The French even had the gall – the Charles de ‘Gaulle’ (the French leader after World War Two for those with no history background) – to come and reclaim ‘their’ French indochina, just a short time after – no wait for it – just a short after their own country was occupied by Nazi Germany. Now that, for me, is kind of like the ultimate irony right? Not kinda, is-a!

The British did the same thing with ‘their’ colonial ‘possession’ of India. Lucky India had a ‘Ho’ named Gandhi. Except Gandhi didn’t get into all the guns and armed struggle type things that Ho resorted to!  

So, the Americans help liberate France from the German occupiers, in the name of freedom and all that hoo-ha, what with the Nazis taking innocent people from their homes and killing them in concentration camps, underpinned by a radically racist bigotry, and the like, and Nazis being genuine A-grade evil, evil, unspeakably evil people. And then, literally straight after that, they go and re-occupy, and reinforce their own, racially based, claim to the territory they took from the Vietnamese, and Laotians and Cambodians. Racially based in the sense that, like many European nations, despite the horror of the holocaust, they still held views that Asians, Africans and pretty much anyone with darker skin than the snow white European snowflakes, were inferior, culturally, intellectually, the whole kit and kaboodle.

Ho, in the brief period after world war, rightfully declared Vietnam an independent state that should not have any colonial masters. He also tried to convince the Americans that, being the home of liberty and all that hoo-ha, they should be supporting the Vietnamese over the French colonialists. However, the Americans were too caught up now in the start of the Cold War, so couldn’t bring themselves to condemn the French presence in ‘French Indochina’ because, despite the French being bastards, they were, at least, not communist bastards and they were on the right side of what Winston Churchill dubbed the ‘Iron Curtain’. The other side of that curtain being where the communists did all those evil things like the type of political repression, and suppressing opposition movements, the French, British, and other European powers, were doing in their colonies.

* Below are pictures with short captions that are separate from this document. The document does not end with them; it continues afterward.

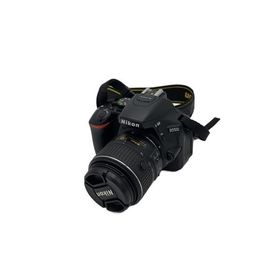 Nikon◆デジタル一眼カメラ D5500 18-55 VR II レンズキット [ブラック]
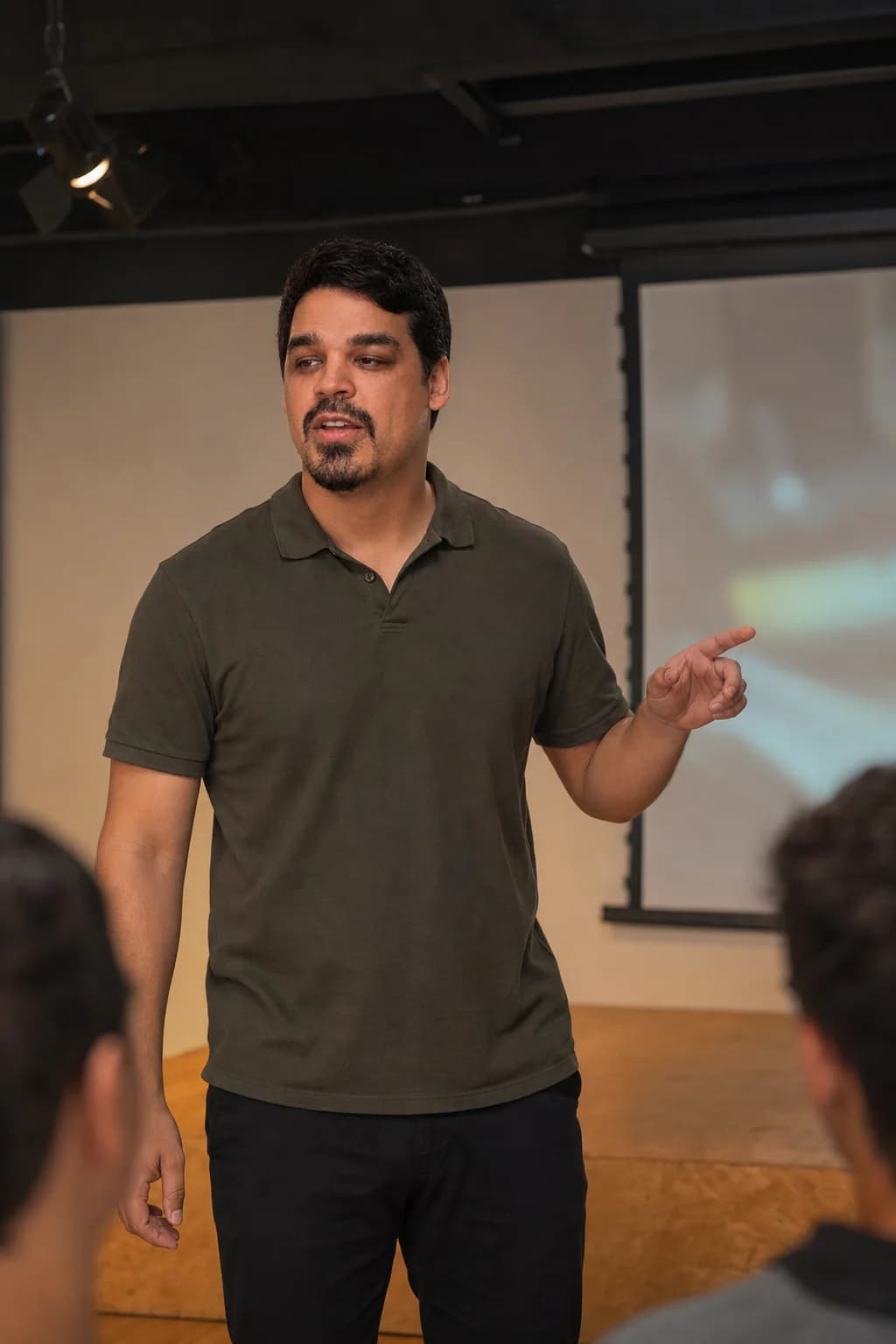 Leo Teixeira apresentando conteúdo em um ambiente de treinamento.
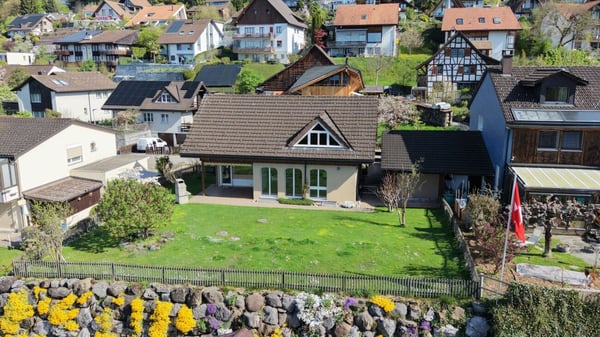 Ihr neues Zuhause: Freistehendes Einfamilienhaus mit traumhaftem Garten 16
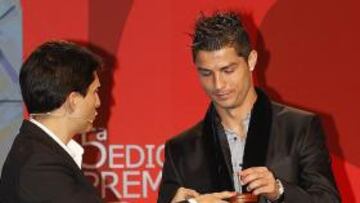 <b>ATENTO. </b>Jorge Luengo realizó un truco de magia a Cristiano Ronaldo.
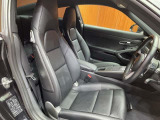 911 カレラ4S 4WD 本革シート
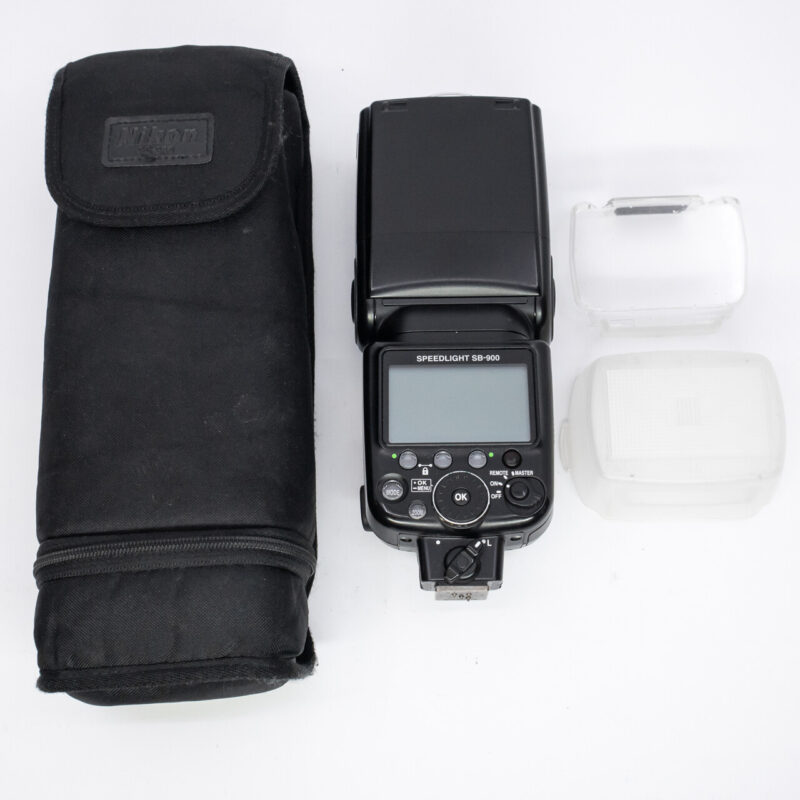 Nikon SB-900 Af Speedlight Flash with Soft Case #64298 - Image 3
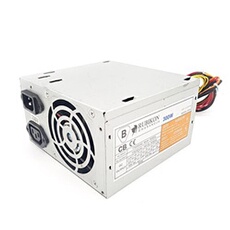 Alimentation PC Rubikon Gwarancja 300X 300W ATX SATA MOLEX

History is never cut and dry. The baddies can sometimes be less bad than you think, and the goodies, only kinda good, and only when it suits them. The Vietnamese communist also did plenty of bad things, mind you. 

IMG_0492 Thích Quảng Đức self-immolation ho chi minh Saigon, vietnam

Once the Ho-led commies kicked out the French, or at least got them to cede control of Northern Vietnam, the Americans then stepped in to prop up a terribly despotic regime in the South which never had much popular support and which used its military and secret police to do things like political repression, suppressing opposition movements, and persecuting Buddhists. One of the most famous symbols of opposition to that persecution was when a Buddhist monk Thích Quảng Đức self-immolated on a busy intersection in the city that was then known as Saigon, now Ho Chi Minh (the city not the person). We later visited the site in Ho Chi Minh (city).

See Tom Gleeson of Hard Quiz ‘fame’. I know quite a bit about Ho Chi Minh and Vietnam and stuff which would have been quite interesting to have on your show, but your producers didn’t think so!

See previous blog post for more complaints about Hard Quiz.    

Ok, now that I’ve got that increasingly inaccurately named ‘first’ bit of the post I can go back to the bits about what my wife and I did in Hanoi on the 50 Year Backpacker trip.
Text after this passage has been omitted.